October 1st marks the start of Black History Month (BHM). First celebrated in the UK in 1987, BHM is an annual celebration of cultural diversity which commemorates the history and achievements of black people and communities.
It is a time of year when black history, talent and voices are showcased and celebrated across the UK, with a spotlight on black British communities, and their contributions to Britain. The month provides an opportunity for people from all different backgrounds to come together, to share experiences, to listen, to learn, and to recognise and appreciate the achievements of black British people and their role within British society.
This summer, the men’s England team reached the final of a major tournament for the first time since the 1966 World Cup. The modern, multi-ethnic team that took on Italy in the final of Euros 2020 included Captain Harry Kane, whose father is Irish; Marcus Rashford, whose mother is from Saint Kitts and Buyako Saka, a Londoner with Nigerian parents, as well as Kalvin Phillips, whose mother is Irish, and father Jamaican. This is a team whose players “speak out against racism, take a knee before games, support LGBTQ Pride, campaign against [child food] poverty and, crucially, win games” (B:M, 2021). The last 18 months have been tough for everyone and highlighted the continuing inequalities and injustices that still exist for many communities. In light of these recent events, the need to celebrate and recognise BHM is more important now, than ever before.
Charlton are committed to raising awareness and recognising the outstanding contributions that black communities have made, and to providing opportunities for our colleagues and our communities to learn about, and to tackle, inequality and social injustice.

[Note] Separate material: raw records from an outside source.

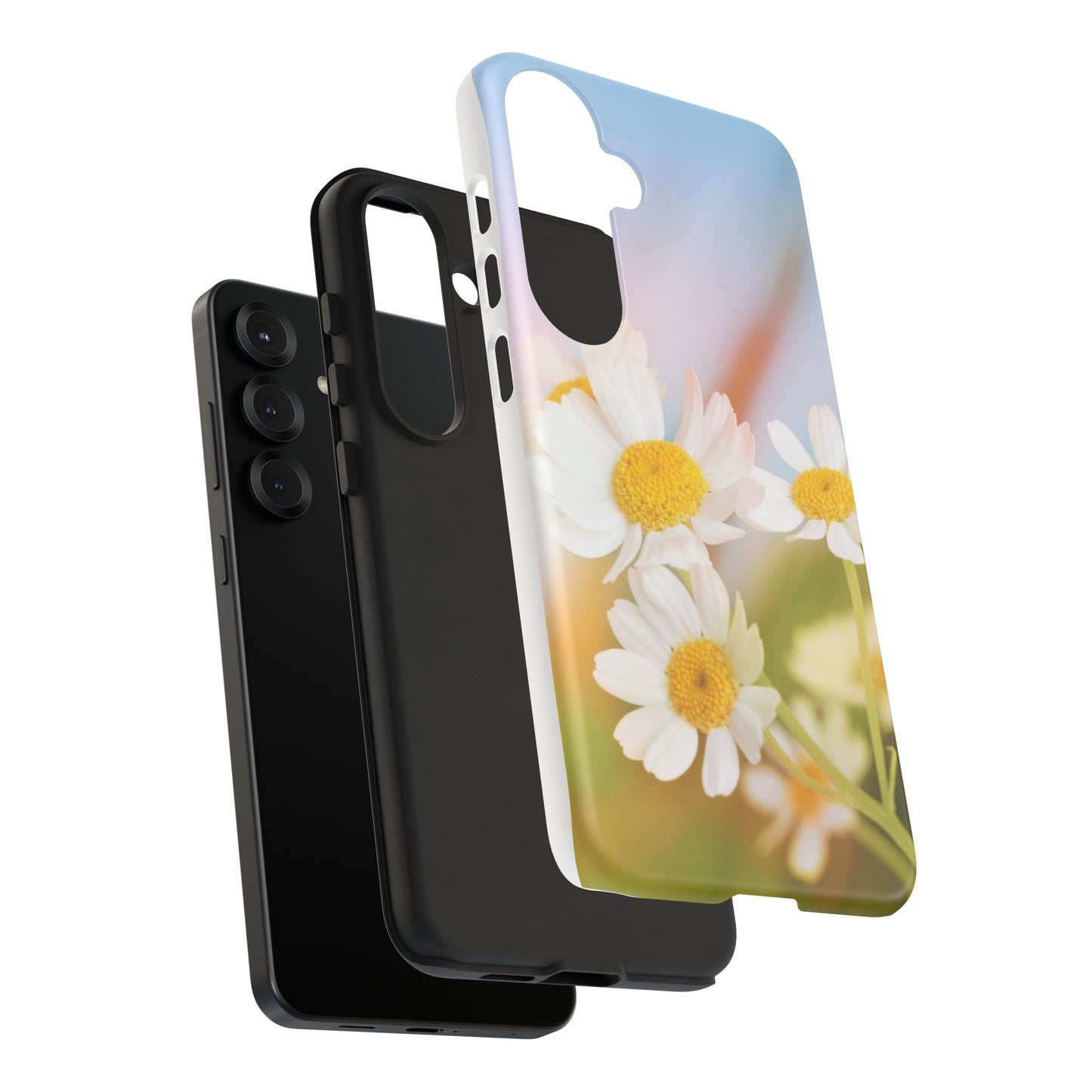 Tough Cases, Beautiful Daisy Design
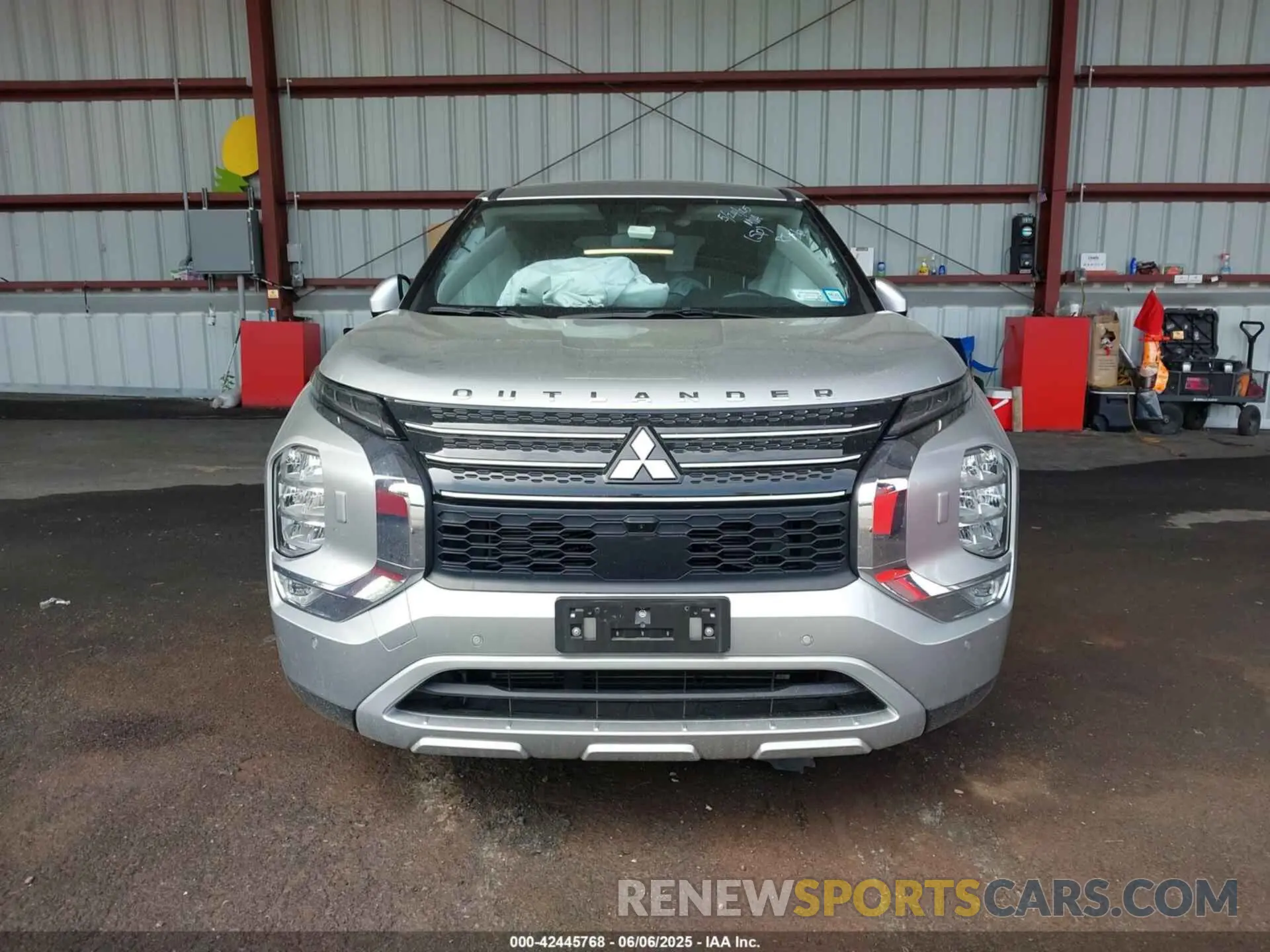 11 Photograph of a damaged car JA4J4UA84PZ051585 MITSUBISHI OUTLANDER 2023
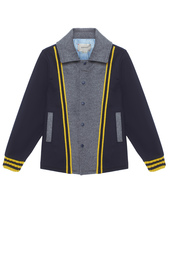 Шерстяное пальто Gucci Children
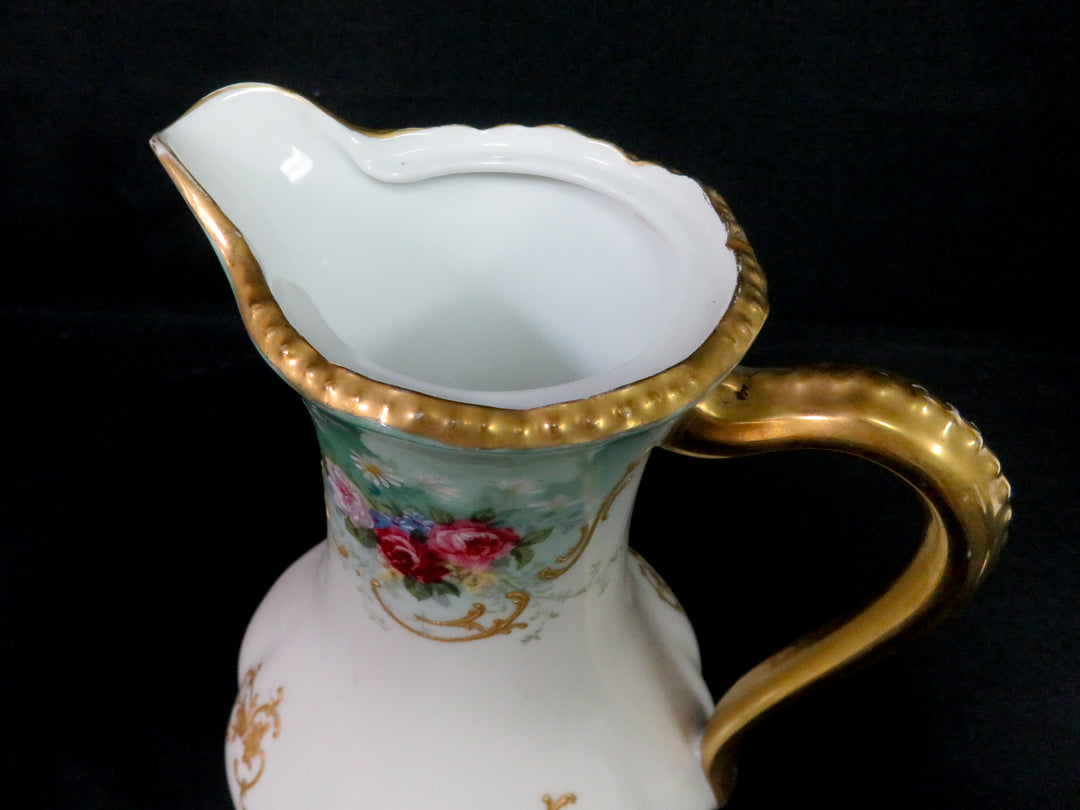 Antique Limoges Chocolate Pot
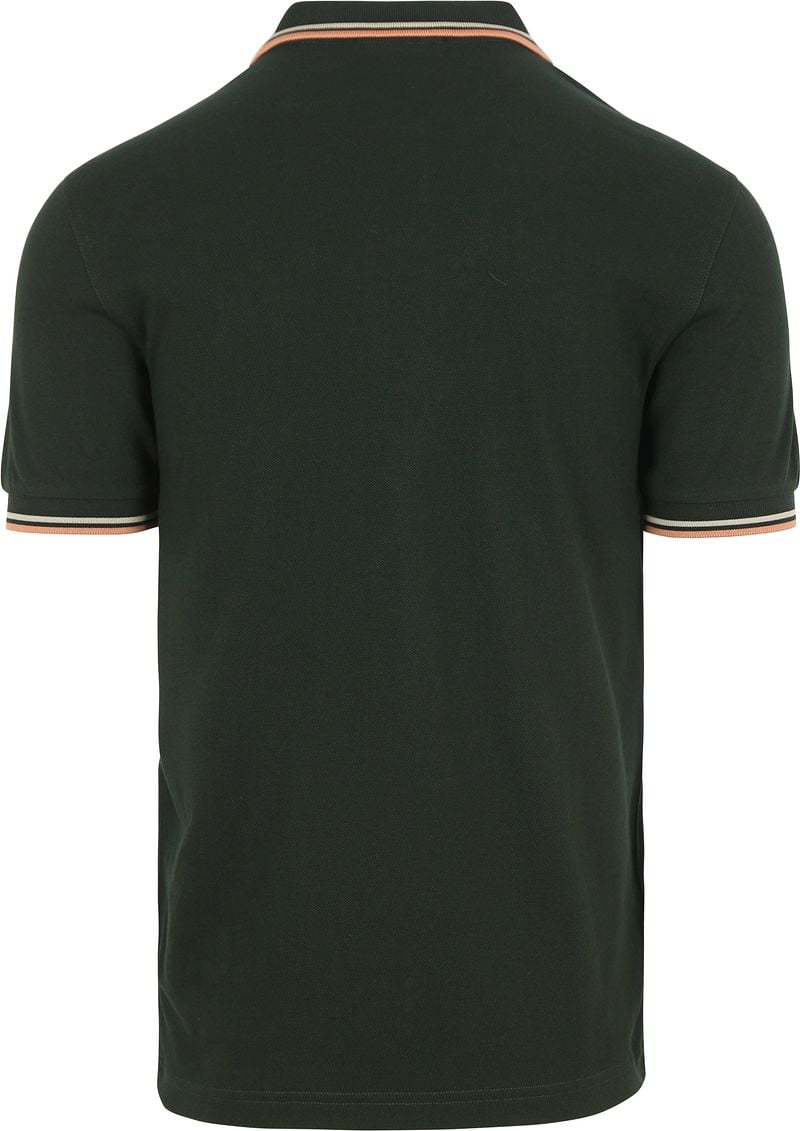 Fred Perry Polo M3600 Donkergroen U94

As a club rooted in the heart of the community, we have a long, proud history of working with local community groups to fight inequality. In partnership with one of our long-standing partners, the Royal Borough of Greenwich, we continue to work on initiatives designed to tackle discrimination and promote equality, including the ground-breaking, annual Charlton Red, White and Black (RWB) Day, established over 25 years ago, by our progressive, trailblazing Charlton fans. Charlton's Red, White and Black Day is now a fixed feature on our calendar of community events – this season being held on April 2nd for the club's game against Lincoln City. The first team, women's team and our LGBTQ+ affiliated team, Charlton Invicta, are showing their commitment by taking the knee before games to raise awareness of inequality and social justice
At Charlton, we are proud to recognise and celebrate the rich history of current and former black and mixed heritage players, coaches, and staff, and re-affirm and pledge our commitment to tackling all forms of racism.